- _What you are asked to do_
Examine the entries and show every line in which the word "woman" is found.

- _Data_
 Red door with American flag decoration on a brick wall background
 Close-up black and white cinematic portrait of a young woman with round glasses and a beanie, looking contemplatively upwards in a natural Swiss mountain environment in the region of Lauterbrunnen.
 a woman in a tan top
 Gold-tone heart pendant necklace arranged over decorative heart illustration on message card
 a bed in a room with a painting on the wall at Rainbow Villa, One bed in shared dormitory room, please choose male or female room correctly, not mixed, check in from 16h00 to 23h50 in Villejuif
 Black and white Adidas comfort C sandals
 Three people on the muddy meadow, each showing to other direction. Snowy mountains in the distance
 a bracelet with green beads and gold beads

- _Written response_
 Close-up black and white cinematic portrait of a young woman with round glasses and a beanie, looking contemplatively upwards in a natural Swiss mountain environment in the region of Lauterbrunnen.
 a woman in a tan top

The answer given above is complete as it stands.